Tous ces moines avaient la possibilité de partir certes mais ils ont choisi de rester libres, de ne pas se soumettre à la peur. Du reste l'une des phrases les plus formidables de ce scénario est lorsque le chef du GIA exige que les moines soignent les combattants se réfugient dans le monastère: "Vous n'avez pas le choix", dit-il. "Si, répond le frère Christian, j'ai le choix".
Rester, c'était défier l'islamisme, le terrorisme et l'excessive prudence de la police et du gouvernement. C'était aussi aider les populations locales, tout aussi terrorisées. Le tournage de ce film a eu lieu au Maroc, l'Algérie refusant toujours de regarder en face cet attentat.
Enfin, j'ai appris lors d'une avant-première avec deux acteurs du film, que Beauvois avait changé au dernier moment la scène finale: il avait prévu une fin conforme à la réalité (la découverte de la décapitation). Quand l'équipe est arrivée sur les lieux, il s'est mis à neiger contre toute attente: Beauvois a décidé d'"exploiter" ce temps-là aussi (météorologique): ainsi jusqu'au bout nous avons eu ces visages qui disaient le contraire de la résignation mais le destin assumé.
Je pensais bien que ce billet allait provoquer des commentaires variés et opposés.
Je dois dire que Merbel a répondu mieux que je n'aurais su le faire et que je souscris totalement à ce qu'elle développe, y compris à ce temps rituel dont je n'ai pas parlé mais dont la présence est indubitable et rassurante.
En fait, dire que ce film parle de religion ne me semble pas exact. Il parle de foi, ce qui n'est pas la même chose, et c'est la même foi, comprise différemment, qui conduit les uns à rester et les autres à tuer. D'ailleurs la dernière lettre écrite et lue par Christian (Lambert Wilson) ne dit pas autre chose que cette identité de la foi profonde, même si les actes la dévoient.
Mais je voudrais surtout aussi préciser que je ne fais aucun prosélytisme et que je ne cherche à convaincre personne de se déplacer pour ce film même si, à mon avis, il peut être intéressant pour tout le monde, croyant ou pas.
Oui, je suis d'accord avec Calyste : il s'agit plus de foi que de religion.
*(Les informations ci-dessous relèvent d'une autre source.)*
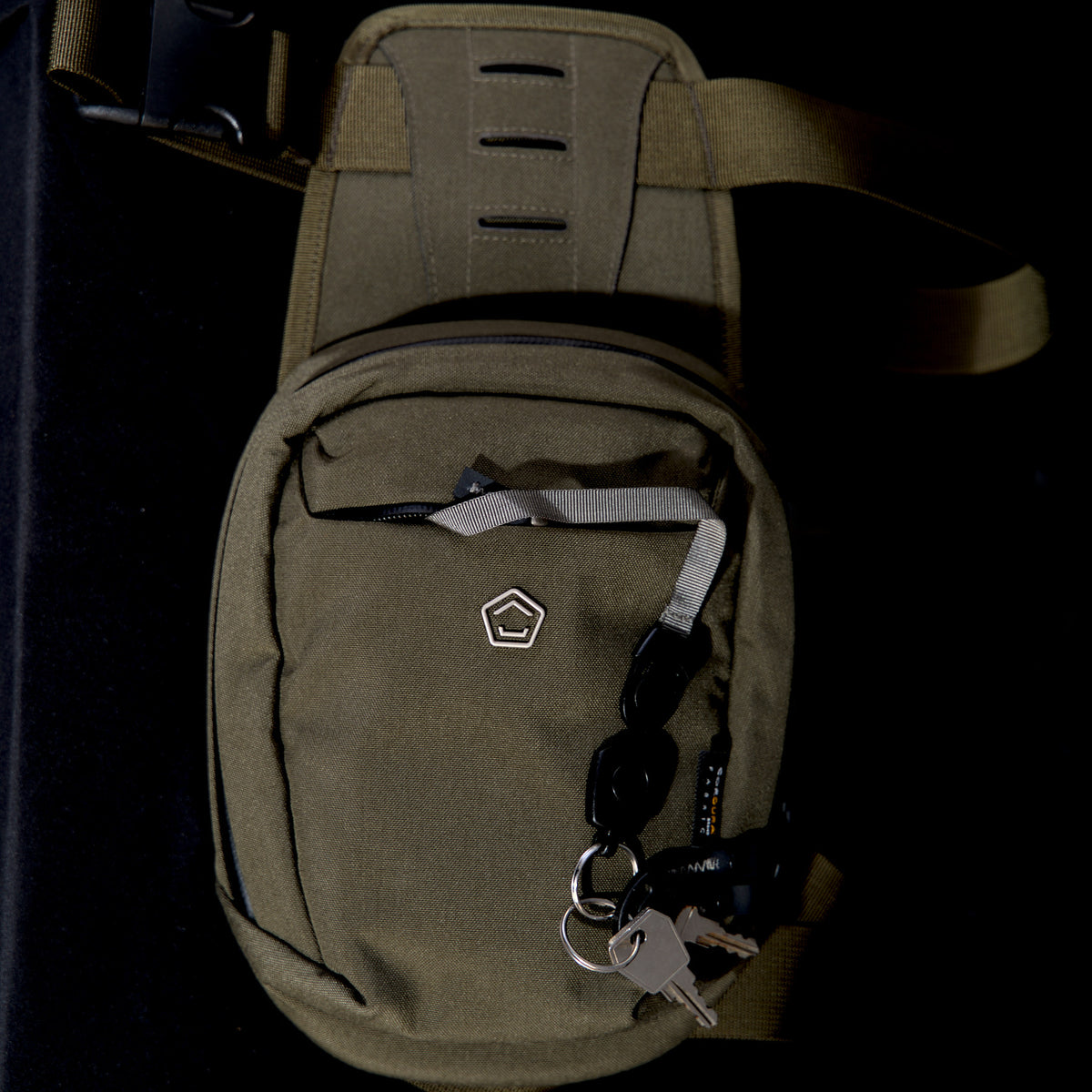 Pentagon Consul Thigh Pouch pasna torbica, črna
Et je n'ai pas l'impression qu'ils se soient sacrifiés pour "leur" dieu, même s'il est sans doute probable que leur décision de rester fut prise en songeant au Christ et à cette idée que, parfois, les choses - même terribles - doivent advenir.
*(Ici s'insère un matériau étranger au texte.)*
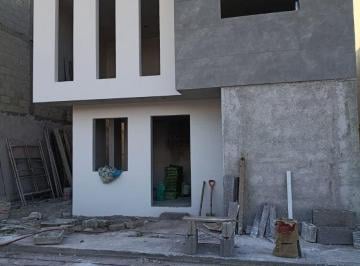 Casa de 3 habitaciones, Pachuca · Santa Julia. 140 m² Terreno. 3 Niveles. Modernista. Privada. 3rec. Nueva. a Pasos de Colosio. Ultima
Je crois aussi qu'il s'agit là d'une réflexion profonde sur l'attitude face à la mort et sur l'engagement personnel, ceux que tout homme a à avoir et à essayer de tenir sa vie durant. L'histoire véridique des moines me semble un simple prétexte à cette réflexion et, d'ailleurs, la facilite.
Bien que les éloges sur ce film soit presque unanimes, je n'ai pas trop envie d'aller le voir au cinéma (si tant est que ce soit encore temps) car je crains que cela n'entame mon moral. Je pense que de ce côté là, la télévision permet un plus grand détachement.
Bon, je reconnais volontiers que je suis plein de contradictions.